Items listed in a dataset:
----------------

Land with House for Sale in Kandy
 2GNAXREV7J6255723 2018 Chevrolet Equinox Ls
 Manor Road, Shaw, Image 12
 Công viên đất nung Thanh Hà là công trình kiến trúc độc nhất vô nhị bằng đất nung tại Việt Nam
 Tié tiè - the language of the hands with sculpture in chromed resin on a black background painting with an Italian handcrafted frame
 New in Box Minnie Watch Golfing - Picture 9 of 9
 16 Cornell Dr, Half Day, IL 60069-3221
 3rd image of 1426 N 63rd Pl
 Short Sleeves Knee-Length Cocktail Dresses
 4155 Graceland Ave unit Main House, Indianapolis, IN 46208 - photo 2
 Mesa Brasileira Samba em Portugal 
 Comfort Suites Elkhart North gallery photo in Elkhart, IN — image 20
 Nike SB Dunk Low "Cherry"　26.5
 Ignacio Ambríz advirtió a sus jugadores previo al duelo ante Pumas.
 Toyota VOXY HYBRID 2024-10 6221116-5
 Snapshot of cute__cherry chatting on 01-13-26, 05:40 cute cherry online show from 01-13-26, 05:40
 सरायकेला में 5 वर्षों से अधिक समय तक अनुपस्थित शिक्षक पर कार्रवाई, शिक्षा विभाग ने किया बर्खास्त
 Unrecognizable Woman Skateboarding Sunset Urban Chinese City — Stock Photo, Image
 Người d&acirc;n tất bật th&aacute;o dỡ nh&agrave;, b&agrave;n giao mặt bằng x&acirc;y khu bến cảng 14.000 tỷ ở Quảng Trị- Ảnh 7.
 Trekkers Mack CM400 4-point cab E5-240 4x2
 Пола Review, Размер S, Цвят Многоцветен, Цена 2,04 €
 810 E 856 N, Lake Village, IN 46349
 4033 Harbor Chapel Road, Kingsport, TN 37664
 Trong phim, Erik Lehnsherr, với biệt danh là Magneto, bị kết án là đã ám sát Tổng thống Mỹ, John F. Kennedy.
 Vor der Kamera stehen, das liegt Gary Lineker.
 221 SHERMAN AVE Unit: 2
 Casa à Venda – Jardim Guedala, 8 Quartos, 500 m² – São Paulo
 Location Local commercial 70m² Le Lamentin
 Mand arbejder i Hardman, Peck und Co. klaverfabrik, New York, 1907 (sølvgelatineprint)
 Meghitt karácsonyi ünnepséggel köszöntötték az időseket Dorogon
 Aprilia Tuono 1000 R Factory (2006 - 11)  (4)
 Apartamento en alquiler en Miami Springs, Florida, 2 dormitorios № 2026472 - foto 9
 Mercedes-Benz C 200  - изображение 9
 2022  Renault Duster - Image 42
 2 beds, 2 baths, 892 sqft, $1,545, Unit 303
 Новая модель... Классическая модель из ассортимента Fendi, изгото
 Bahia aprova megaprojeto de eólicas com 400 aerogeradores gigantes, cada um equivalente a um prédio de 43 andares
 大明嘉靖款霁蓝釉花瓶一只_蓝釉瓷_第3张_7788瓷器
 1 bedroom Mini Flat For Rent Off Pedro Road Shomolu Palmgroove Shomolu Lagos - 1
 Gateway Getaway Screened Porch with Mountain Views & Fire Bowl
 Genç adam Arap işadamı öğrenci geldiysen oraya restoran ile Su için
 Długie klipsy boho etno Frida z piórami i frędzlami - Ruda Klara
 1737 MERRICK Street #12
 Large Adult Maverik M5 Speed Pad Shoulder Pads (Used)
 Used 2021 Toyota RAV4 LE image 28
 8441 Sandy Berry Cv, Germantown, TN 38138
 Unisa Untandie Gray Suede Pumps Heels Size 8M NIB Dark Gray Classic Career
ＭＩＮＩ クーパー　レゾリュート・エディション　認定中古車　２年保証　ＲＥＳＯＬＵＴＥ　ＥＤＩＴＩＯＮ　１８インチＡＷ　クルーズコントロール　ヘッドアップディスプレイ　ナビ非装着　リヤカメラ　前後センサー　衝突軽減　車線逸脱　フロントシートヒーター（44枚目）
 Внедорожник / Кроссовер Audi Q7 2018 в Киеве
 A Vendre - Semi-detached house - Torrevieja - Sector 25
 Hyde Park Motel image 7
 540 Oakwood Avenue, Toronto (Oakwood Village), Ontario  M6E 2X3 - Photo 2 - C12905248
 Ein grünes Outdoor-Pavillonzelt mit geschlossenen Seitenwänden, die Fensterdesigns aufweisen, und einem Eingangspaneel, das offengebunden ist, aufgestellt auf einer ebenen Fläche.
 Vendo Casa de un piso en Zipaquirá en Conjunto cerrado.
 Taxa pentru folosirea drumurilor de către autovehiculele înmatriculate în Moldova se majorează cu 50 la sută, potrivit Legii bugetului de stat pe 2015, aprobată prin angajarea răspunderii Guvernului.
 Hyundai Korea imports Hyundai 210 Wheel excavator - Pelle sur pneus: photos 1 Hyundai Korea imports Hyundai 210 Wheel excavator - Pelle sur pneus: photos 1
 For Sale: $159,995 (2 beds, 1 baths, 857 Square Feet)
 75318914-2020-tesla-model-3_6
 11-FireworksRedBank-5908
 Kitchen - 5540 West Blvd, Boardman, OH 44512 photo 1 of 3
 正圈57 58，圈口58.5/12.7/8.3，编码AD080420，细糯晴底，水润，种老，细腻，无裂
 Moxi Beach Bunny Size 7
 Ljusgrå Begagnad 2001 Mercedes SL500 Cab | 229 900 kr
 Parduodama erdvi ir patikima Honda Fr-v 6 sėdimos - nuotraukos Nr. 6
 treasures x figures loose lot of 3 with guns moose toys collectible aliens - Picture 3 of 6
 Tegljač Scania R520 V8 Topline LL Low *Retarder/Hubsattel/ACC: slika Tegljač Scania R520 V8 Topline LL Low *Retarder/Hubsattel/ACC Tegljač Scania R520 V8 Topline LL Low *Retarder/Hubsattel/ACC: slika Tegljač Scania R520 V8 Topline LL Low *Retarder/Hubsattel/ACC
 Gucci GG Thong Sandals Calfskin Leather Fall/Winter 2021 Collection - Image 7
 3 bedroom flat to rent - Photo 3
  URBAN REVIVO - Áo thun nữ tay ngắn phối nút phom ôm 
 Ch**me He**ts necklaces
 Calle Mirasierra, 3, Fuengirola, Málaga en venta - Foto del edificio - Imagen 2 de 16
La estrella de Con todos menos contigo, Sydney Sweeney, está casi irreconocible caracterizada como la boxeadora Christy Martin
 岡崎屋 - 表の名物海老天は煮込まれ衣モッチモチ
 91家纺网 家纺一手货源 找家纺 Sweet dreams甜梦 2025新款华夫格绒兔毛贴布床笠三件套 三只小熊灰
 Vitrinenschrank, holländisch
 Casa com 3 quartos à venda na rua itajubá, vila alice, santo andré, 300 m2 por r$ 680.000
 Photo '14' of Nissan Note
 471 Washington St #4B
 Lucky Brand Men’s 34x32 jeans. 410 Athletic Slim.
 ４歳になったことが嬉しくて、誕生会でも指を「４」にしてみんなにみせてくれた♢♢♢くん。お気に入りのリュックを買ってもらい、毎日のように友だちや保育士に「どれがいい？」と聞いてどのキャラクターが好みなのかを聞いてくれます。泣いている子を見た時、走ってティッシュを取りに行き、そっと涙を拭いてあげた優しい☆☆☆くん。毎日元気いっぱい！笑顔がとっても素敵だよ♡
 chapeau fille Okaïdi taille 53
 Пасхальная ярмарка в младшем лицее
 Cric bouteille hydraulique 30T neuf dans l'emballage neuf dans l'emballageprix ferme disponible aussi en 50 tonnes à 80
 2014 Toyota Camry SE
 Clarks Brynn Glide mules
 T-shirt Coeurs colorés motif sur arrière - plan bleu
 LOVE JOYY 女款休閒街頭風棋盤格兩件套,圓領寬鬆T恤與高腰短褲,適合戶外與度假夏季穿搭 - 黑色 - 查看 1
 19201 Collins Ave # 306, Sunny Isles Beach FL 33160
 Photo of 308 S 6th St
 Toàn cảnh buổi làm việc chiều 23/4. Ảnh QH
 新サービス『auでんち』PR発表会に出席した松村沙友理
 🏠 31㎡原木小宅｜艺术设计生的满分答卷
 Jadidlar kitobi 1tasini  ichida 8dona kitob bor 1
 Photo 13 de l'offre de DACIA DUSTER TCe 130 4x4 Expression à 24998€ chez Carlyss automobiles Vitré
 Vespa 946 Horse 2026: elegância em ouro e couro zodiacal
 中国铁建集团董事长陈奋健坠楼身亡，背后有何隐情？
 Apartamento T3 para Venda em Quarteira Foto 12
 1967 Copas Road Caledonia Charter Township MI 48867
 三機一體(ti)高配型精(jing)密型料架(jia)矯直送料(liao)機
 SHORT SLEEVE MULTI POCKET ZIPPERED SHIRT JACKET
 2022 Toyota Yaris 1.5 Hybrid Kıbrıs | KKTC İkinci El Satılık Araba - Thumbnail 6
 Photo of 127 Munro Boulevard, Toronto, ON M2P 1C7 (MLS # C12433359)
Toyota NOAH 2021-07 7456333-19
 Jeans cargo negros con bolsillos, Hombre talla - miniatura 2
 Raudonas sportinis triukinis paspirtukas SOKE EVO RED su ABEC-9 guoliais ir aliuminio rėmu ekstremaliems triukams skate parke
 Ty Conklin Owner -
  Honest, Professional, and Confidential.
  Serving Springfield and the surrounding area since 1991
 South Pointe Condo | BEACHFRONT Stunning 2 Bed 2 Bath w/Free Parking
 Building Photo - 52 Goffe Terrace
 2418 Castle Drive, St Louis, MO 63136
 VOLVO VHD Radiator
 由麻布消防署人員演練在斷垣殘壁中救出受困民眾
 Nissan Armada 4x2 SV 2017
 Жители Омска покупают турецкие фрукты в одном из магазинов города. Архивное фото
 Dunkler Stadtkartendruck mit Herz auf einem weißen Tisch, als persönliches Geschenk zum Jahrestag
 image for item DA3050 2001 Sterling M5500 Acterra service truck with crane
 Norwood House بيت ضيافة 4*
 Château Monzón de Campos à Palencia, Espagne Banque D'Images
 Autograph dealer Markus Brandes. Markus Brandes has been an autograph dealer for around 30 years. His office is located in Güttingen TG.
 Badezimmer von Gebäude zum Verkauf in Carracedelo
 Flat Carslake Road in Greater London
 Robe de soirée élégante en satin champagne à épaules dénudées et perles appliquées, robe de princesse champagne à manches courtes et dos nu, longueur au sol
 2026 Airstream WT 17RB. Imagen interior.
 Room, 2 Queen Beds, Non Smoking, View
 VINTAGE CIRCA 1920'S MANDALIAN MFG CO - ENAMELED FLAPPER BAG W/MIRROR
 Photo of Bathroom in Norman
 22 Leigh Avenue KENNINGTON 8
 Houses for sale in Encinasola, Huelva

----------------

◆ **What you have to do**: Your task is to quote, without any alteration, the lines running from the top of the records to the line that holds "Mesa Brasileira Samba em Portugal", both included.

◆ **Output of the task**:
Land with House for Sale in Kandy
 2GNAXREV7J6255723 2018 Chevrolet Equinox Ls
 Manor Road, Shaw, Image 12
 Công viên đất nung Thanh Hà là công trình kiến trúc độc nhất vô nhị bằng đất nung tại Việt Nam
 Tié tiè - the language of the hands with sculpture in chromed resin on a black background painting with an Italian handcrafted frame
 New in Box Minnie Watch Golfing - Picture 9 of 9
 16 Cornell Dr, Half Day, IL 60069-3221
 3rd image of 1426 N 63rd Pl
 Short Sleeves Knee-Length Cocktail Dresses
 4155 Graceland Ave unit Main House, Indianapolis, IN 46208 - photo 2
 Mesa Brasileira Samba em Portugal 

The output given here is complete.